Key words: microcapsules, phase change, enthalpy, stability, graphene, preparation

摘要：

脂肪胺具有相变焓大、无毒低腐蚀、化学性质稳定等优点，是理想的中低温相变储能材料。采用溶胶-凝胶法，以十四胺-十六胺二元相变材料为芯材，二氧化硅为壁材制备了相变微胶囊。通过向相变材料中添加无机材料石墨烯纳米颗粒，提高相变微胶囊的导热性能。采用FTIR、SEM、DSC和TG等测试手段分析了微胶囊的形貌和热性能，研究了微胶囊制备过程中去离子水量、石墨烯纳米颗粒添加量以及硅酸四乙酯（TEOS）用量对微胶囊制备的影响。实验结果表明，当去离子水量为10mL、芯材中添加质量分数比0.05%的石墨烯纳米颗粒、TEOS和芯材质量比为10∶3时，可以制备出形貌、热性能良好的微胶囊。石墨烯纳米颗粒的加入可以将微胶囊的热导率提高至0.28W/(m·K)，提高了87%。微胶囊粒径分布在2μm左右，形貌呈球形，融化温度和凝固温度分别为26.31℃和23.46℃，相变焓为147.7J/g，包裹率约为59.3%。十四胺-十六胺相变材料在形成微胶囊的过程中不发生化学反应，TG测试表明微胶囊在常温下能够稳定存在。

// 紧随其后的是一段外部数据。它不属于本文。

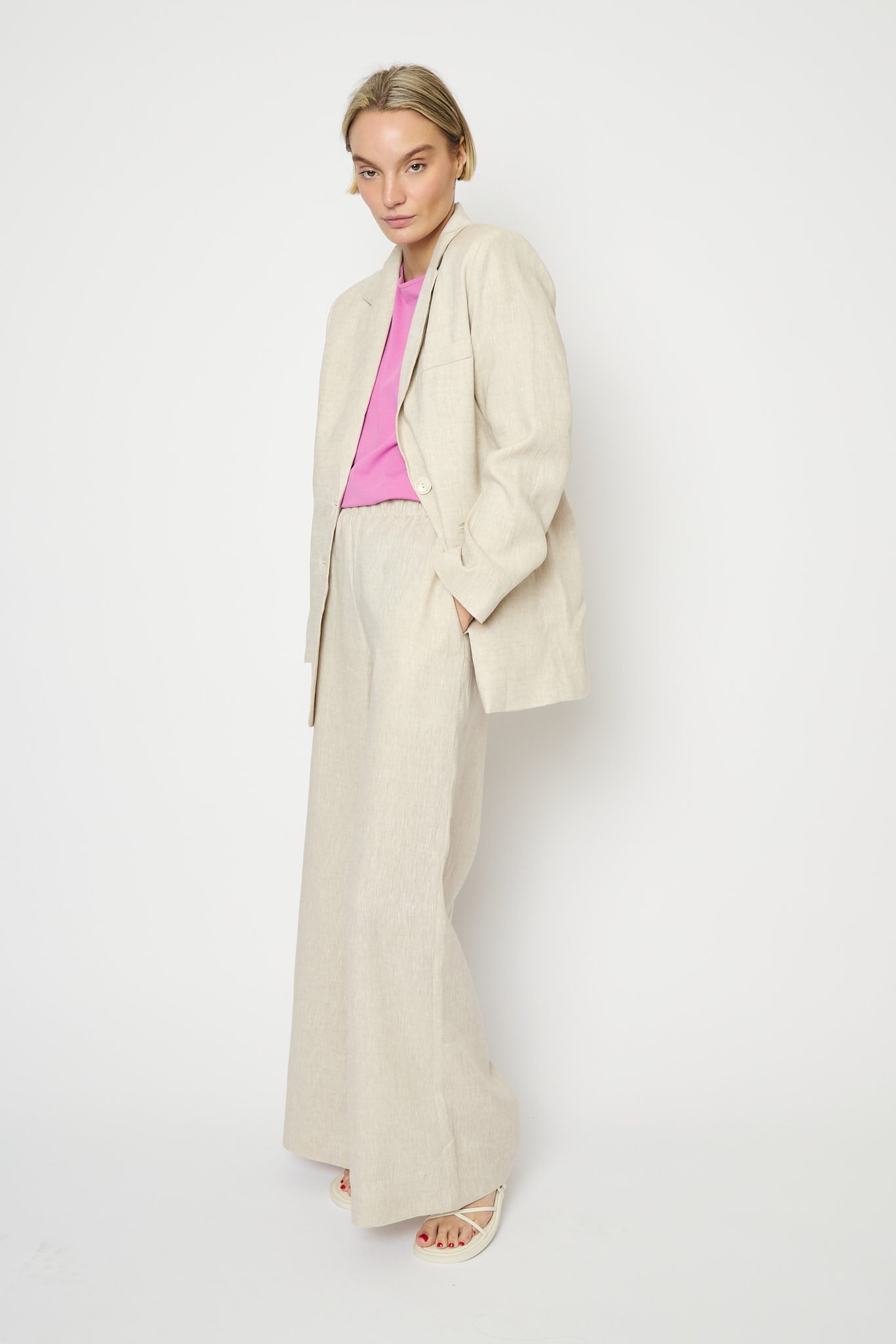 RE/BORN Antwerp Tina Evergreen Linen trousers Raw Linen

关键词: 微胶囊, 相变, 焓, 稳定性, 石墨烯, 制备

CLC Number:

TB34

ZHANG Wanxin, SUN Zhigao. Preparation and properties of TDA-HDA/SiO₂ phase change microcapsules with graphene[J]. Chemical Industry and Engineering Progress, 2025, 44(12): 7126-7134.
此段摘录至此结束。